What was the issue with the B&S


----------



## Dextar (Sep 26, 2016)

Mine wasn't so pleasant either. When I picked up my snowblower it showed you got a free cover, when I tried to redeem the deal it was for Canada only. Support not only failed to respond to me (I had to send a follow up email asking if anyone was going to respond) but then they told me it was for Canada only and there was nothing they could do. I just spent $1900 on a snow blower with your company, your advertising of the free cover was confusing and did NOT say Canada only on the image so I figured it was still active. I'd think a simple cover to make someone happy would be a simple solution. You were literally giving them away two weeks prior and are giving them away to Canadian customers.

I still need to contact them about the autoturn issue to get the poly skids but I'm concerned that I'll get the same experience.


----------



## Kiss4aFrog (Nov 3, 2013)

Dextar said:


> I still need to contact them about the autoturn issue to get the poly skids but I'm concerned that I'll get the same experience.

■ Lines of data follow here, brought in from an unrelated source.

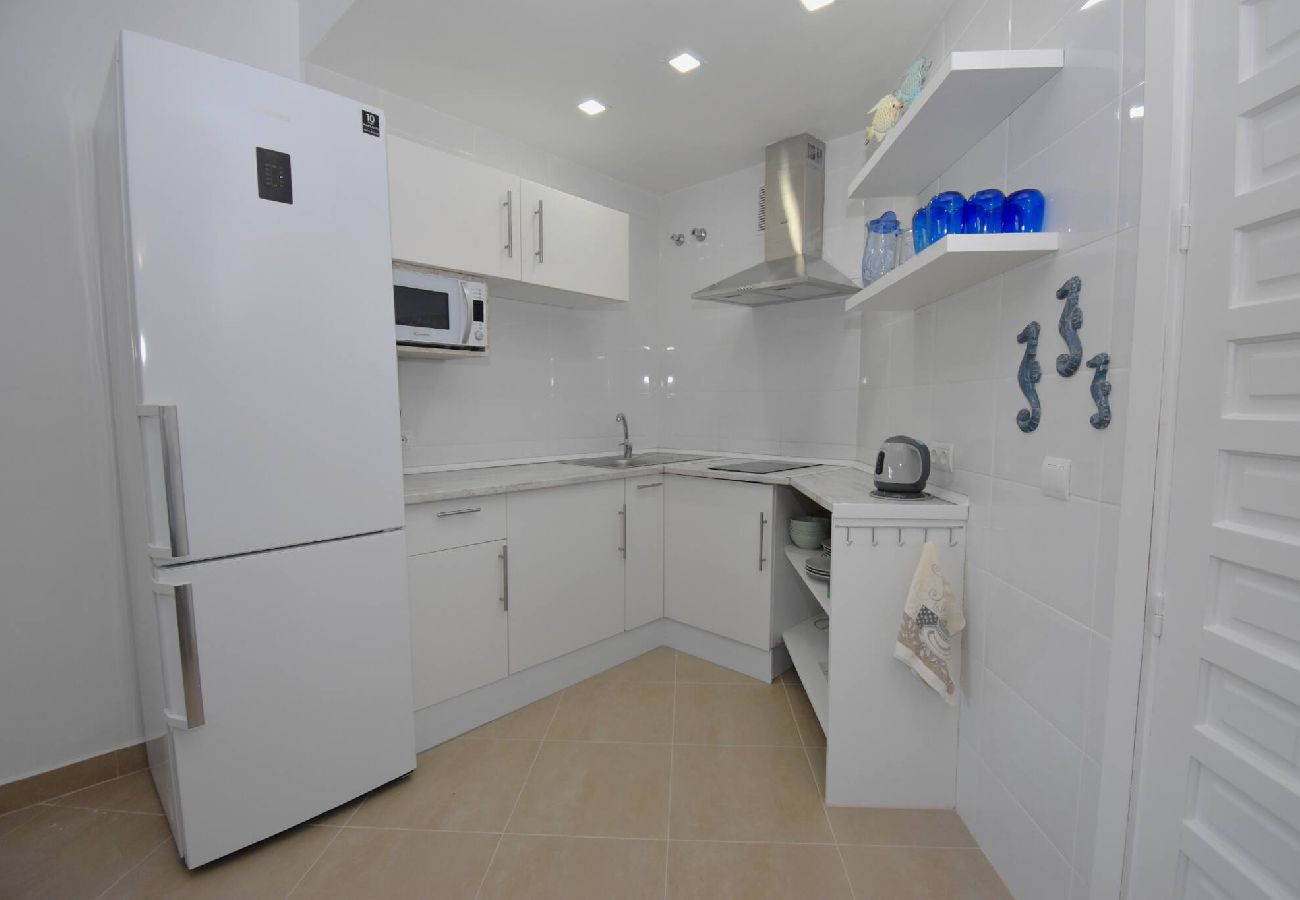 Cocina gestión de propiedades 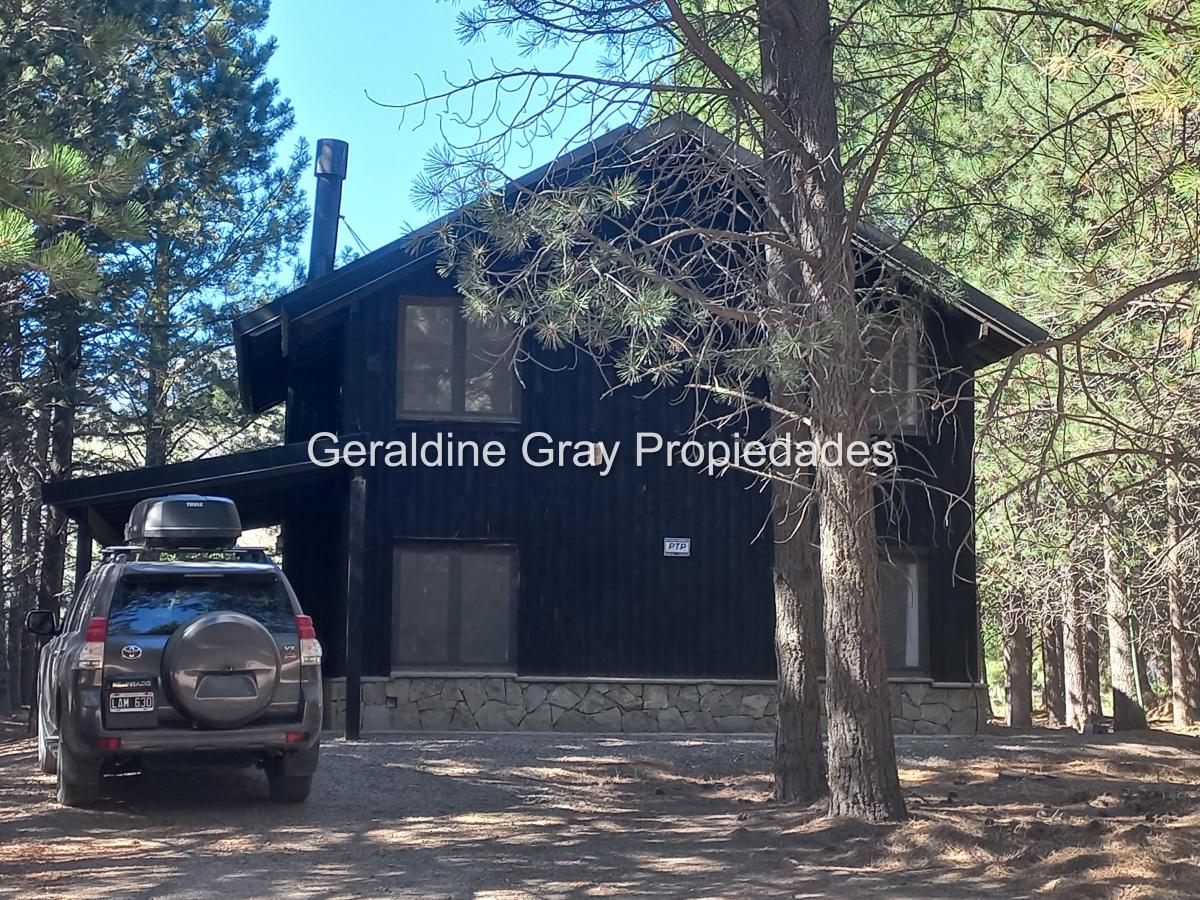 Casa en Venta de 3 Dorm. en Chapelco Golf & Resort 5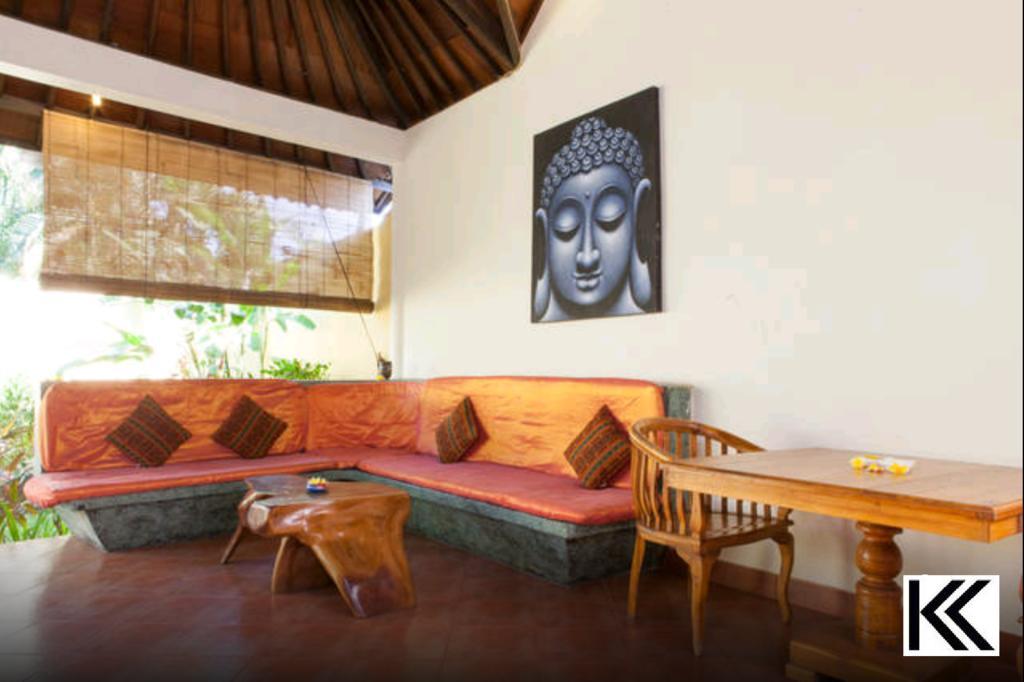 Kumpul Kumpul Villa II Legian Seminyak Værelse billede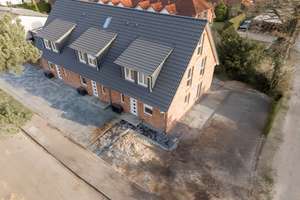 Neubau-Reihenendhaus 
in ruhiger und begehrter Wohnlage – Tannenallee 48, 22844 Norderstedt – Vorschaubild 4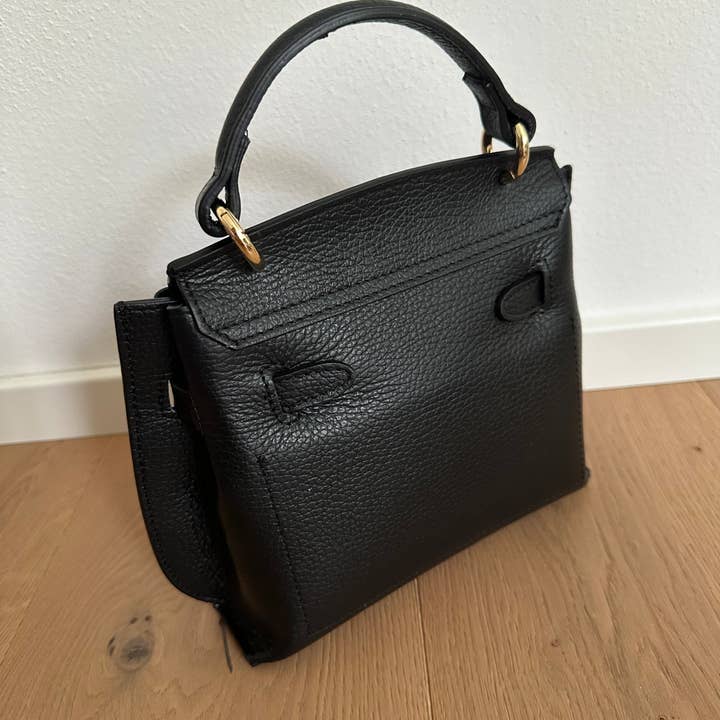 Zhade – Engroshandel Taske med håndtag – til kvinder – ALMA - håndtaske5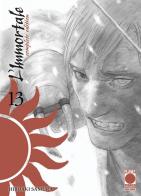 L' immortale vol.13 di Hiroaki Samura edito da Panini Comics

Don't know until you try. You can also use Ariens contact here on SBF - - > Ariens - Snowblower Forum : Snow Blower Forums


----------



## tarring (Jan 14, 2017)

If you spend 1900$ just to get a free cover you need to change your priorities, you're getting a great machine of quality ( the cover is worth 30.00$ ) and your complaning about customer service being poor, and you want to go back for poly skids ( looks like you're trying to get freebies ) not really a reference towards service. ( sorry if i sound shitty, but you cant judge a company on gifts ) my two cents....


----------



## orangputeh (Nov 24, 2016)

what is their number?

I wonder if they would help me with a 35 year old blower


----------



## gardid (Feb 27, 2017)

GoBlowSnow said:


> What was the issue with the B&S


There is a small spring loaded lever on the cam in the Briggs & Stratton engines used to release the compression in the cylinder during starting. When it fails you can no longer use the recoil or electric starter to start it until that compression is released. Many of the websites claim it is due to a needed valve adjustment and that may be so in a small number of cases, but when it still happens after the valves have been adjusted rest assured it is that decompression mechanism that has failed. Several of the Briggs & Stratton dealers I spoke to said it is a common problem that usually shows up in 20 to 25 hours. I thought the defect was just limited to their snow engines, but from what another member has said, it seems to be all their engines. 
I am considering replacing my Briggs & stratton engine with a LCT engine as a new engine from LCT is about 10% more than having the B&S repaired.


----------



## gardid (Feb 27, 2017)

Dextar said:


> Mine wasn't so pleasant either. When I picked up my snowblower it showed you got a free cover, when I tried to redeem the deal it was for Canada only. Support not only failed to respond to me (I had to send a follow up email asking if anyone was going to respond) but then they told me it was for Canada only and there was nothing they could do. I just spent $1900 on a snow blower with your company, your advertising of the free cover was confusing and did NOT say Canada only on the image so I figured it was still active. I'd think a simple cover to make someone happy would be a simple solution. You were literally giving them away two weeks prior and are giving them away to Canadian customers.
> 
> I still need to contact them about the autoturn issue to get the poly skids but I'm concerned that I'll get the same experience.


 Good luck! I don't know what ever happened to custom service and a manufacturer standing behind their product. The experience I had with Ariens and Briggs & Stratton gave me the distinct impression that their attitude was; we got your money, we don't want to hear about the problems, go away and don't bother us. BURN ME ONCE, SHAME ON YOU. BURN ME TWICE, SHAME ON ME. NEEDLESS TO SAY I AM DONE WITH BOTH.


----------